▶ [Task to complete]:
Please copy the listing that follows exactly, leaving out any pictures.

───── Information provided

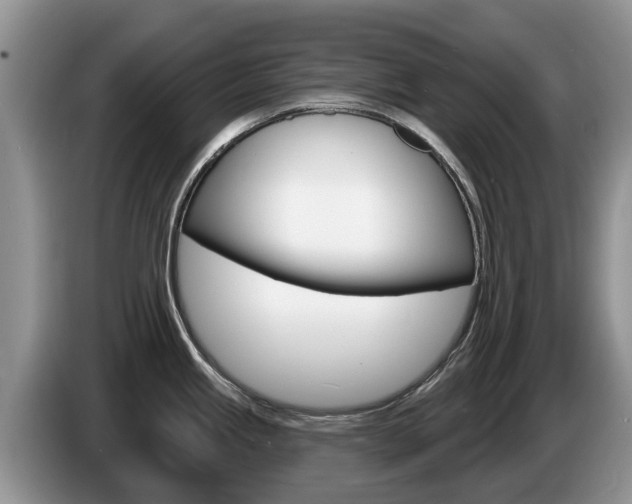 X0000087571245200704270938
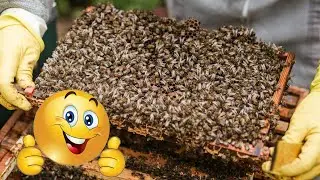 Мёда больше, проблем у пчёл меньше, зимовка лучше, летом не выкучиваются! Кто так сделал не пожалел!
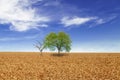 Trees in wheat field over cloudy blue sky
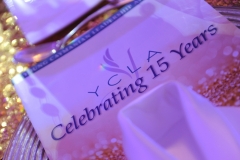 2015 Souvenir Program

──────────

▶ [Solution to this problem]:
 X0000087571245200704270938
 Мёда больше, проблем у пчёл меньше, зимовка лучше, летом не выкучиваются! Кто так сделал не пожалел!
 Trees in wheat field over cloudy blue sky
 2015 Souvenir Program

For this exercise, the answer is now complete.